One of the benefits of membership of Orkney Heritage Society is receiving a free copy of the annual newsletter. There are still a few copies of the 2020 Newsletter left, so if you haven’t already joined OHS, you can join now and receive your copy. Only £10 per year! See our Membership Page for details.
Due to a generous donation our latest newsletter is another 100 plus page book, full of interesting articles and pictures. The editor, Elizabeth Corsie, has managed to procure contributions on a large variety of subjects, the following being a brief resume.
There are the usual Chairman’s and Treasurer’s reports, as well as the list of Fereday Prize commendations.
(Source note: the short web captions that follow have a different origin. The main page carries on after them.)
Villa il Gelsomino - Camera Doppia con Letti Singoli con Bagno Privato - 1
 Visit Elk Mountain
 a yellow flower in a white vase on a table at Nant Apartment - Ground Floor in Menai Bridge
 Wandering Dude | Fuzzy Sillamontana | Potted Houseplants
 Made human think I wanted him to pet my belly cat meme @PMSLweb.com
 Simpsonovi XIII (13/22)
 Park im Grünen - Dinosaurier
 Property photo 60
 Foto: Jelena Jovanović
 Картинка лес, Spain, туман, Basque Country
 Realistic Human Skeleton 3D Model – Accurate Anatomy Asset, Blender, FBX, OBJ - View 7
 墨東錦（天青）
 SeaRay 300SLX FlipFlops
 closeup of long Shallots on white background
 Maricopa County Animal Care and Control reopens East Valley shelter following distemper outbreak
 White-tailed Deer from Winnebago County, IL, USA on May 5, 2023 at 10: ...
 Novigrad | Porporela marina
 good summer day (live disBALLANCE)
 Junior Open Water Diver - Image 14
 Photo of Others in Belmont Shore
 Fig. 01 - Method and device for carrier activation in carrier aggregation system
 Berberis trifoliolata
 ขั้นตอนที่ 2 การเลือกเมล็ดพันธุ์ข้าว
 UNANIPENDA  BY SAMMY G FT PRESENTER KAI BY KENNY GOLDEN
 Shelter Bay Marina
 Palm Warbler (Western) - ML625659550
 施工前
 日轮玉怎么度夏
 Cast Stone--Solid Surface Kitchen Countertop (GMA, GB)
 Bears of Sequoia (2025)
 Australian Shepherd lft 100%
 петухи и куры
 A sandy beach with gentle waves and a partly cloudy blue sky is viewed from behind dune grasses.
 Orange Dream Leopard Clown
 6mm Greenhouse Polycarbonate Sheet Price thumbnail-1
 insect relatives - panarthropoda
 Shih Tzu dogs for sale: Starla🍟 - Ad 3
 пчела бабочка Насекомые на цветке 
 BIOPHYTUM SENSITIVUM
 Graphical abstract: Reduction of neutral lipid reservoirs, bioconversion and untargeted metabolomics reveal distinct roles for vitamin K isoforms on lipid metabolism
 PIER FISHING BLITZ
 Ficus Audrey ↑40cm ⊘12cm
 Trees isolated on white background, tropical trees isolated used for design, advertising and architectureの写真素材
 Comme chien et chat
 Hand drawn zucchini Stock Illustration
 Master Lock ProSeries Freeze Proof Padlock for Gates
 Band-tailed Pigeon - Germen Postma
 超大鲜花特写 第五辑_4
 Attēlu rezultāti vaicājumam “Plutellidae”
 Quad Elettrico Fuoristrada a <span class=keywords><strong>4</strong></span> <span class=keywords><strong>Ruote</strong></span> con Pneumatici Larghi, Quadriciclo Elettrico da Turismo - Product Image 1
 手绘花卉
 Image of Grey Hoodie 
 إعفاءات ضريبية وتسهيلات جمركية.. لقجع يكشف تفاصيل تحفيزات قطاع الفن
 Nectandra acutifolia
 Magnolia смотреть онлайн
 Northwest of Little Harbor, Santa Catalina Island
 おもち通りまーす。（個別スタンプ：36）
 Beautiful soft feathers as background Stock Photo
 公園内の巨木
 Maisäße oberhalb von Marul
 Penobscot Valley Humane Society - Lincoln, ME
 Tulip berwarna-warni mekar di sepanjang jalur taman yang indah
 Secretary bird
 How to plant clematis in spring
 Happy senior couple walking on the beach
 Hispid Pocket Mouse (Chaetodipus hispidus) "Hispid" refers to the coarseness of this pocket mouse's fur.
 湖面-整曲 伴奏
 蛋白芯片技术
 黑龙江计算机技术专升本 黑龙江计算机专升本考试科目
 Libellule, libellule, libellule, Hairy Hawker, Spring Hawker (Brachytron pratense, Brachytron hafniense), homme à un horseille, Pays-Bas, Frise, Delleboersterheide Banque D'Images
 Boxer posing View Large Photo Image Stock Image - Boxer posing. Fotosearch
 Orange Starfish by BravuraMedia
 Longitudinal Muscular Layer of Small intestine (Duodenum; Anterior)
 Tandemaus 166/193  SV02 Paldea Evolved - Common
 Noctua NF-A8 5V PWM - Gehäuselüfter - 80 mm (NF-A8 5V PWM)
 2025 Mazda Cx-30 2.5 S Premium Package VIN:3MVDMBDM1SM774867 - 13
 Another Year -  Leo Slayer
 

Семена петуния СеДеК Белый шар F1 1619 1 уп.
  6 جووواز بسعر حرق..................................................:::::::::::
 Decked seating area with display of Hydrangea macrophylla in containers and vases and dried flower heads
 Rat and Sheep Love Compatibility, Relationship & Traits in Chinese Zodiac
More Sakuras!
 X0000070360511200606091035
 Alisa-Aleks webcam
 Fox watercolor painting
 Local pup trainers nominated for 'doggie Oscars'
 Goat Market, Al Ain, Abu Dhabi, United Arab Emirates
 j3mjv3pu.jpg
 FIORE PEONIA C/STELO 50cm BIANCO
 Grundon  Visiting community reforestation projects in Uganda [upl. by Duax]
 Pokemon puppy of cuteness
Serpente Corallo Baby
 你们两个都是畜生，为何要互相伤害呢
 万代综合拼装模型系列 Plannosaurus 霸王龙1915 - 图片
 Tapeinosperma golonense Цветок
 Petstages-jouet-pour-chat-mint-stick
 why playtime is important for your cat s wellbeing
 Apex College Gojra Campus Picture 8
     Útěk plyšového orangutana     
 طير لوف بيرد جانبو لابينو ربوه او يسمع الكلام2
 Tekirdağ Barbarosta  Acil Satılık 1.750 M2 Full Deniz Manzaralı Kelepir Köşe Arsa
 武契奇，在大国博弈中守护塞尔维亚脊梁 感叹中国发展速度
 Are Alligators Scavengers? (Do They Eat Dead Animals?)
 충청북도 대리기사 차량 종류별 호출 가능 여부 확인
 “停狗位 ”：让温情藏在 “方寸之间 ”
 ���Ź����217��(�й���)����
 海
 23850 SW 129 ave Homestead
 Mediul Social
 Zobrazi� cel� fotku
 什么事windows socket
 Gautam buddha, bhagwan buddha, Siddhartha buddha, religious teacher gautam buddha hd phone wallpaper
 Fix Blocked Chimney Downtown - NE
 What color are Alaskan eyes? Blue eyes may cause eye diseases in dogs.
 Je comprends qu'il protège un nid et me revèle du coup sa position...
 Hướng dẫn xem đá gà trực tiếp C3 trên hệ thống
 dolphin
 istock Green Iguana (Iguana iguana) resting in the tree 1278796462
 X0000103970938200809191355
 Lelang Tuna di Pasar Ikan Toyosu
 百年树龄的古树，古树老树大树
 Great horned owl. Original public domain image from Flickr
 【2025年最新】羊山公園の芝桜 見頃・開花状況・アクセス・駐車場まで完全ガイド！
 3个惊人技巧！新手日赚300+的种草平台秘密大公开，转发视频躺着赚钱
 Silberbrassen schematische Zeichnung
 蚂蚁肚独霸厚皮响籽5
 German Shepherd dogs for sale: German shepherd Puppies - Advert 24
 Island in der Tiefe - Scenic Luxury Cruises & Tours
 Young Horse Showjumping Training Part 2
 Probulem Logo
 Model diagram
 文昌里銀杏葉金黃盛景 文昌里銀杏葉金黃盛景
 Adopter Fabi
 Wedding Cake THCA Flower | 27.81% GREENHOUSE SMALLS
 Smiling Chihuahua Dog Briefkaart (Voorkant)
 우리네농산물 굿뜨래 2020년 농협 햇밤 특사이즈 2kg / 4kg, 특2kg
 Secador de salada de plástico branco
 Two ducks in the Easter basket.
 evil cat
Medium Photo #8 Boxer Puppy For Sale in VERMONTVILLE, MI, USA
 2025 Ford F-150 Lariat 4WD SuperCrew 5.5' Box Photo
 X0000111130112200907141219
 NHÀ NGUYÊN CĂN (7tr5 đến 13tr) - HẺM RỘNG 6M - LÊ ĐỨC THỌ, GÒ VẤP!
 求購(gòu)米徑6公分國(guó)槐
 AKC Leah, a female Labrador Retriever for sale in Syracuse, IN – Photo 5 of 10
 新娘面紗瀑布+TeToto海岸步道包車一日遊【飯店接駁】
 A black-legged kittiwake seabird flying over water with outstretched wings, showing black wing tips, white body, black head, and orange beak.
The financial contribution given to the Society has allowed colour printing, which was particularly important to the first article, the overall 2019/20 Fereday Award Prize Winning Investigation by Sebastian Pesci on his grandfather, Jim Baikie. People of a certain generation will remember Jim as a talented musician, playing bass guitar in local bands. He could well have made it big in that industry, but it was through his love of illustrating comic books that he made his living. Sebastian’s fascinating account of his grandfather is laced with many of Jim’s drawings, reproduced in their full glorious colour.
Neil Kermode’s description of the unveiling of the plaque to Murdoch Mackenzie is followed by an account of the mapping methods used by the famous eighteenth century Orkney cartographer in Mackenzie’s own words. Among the islands Mackenzie surveyed was the small uninhabited (at least by humans) island of Eynhallow, to which the Society organises an annual trip. Sadly, due to the current Covid-19 crisis, there is no trip this year. To make up for it, Elizabeth Corsie has written a detailed description of the 2019 trip. It is very much hoped that normal service can be resumed in 2021.
The remarkable story of the attack on Holm and occupation of Lamb Holm by French troops under a Scottish Jacobite is recounted by Sheena Wenham.
The work of Orkney Vintage Club is described by Cathleen Hourie and there is an account by Clive Warboys of arguably the most popular ‘plane to serve the Northern and Western Isles, the Vickers Viscount.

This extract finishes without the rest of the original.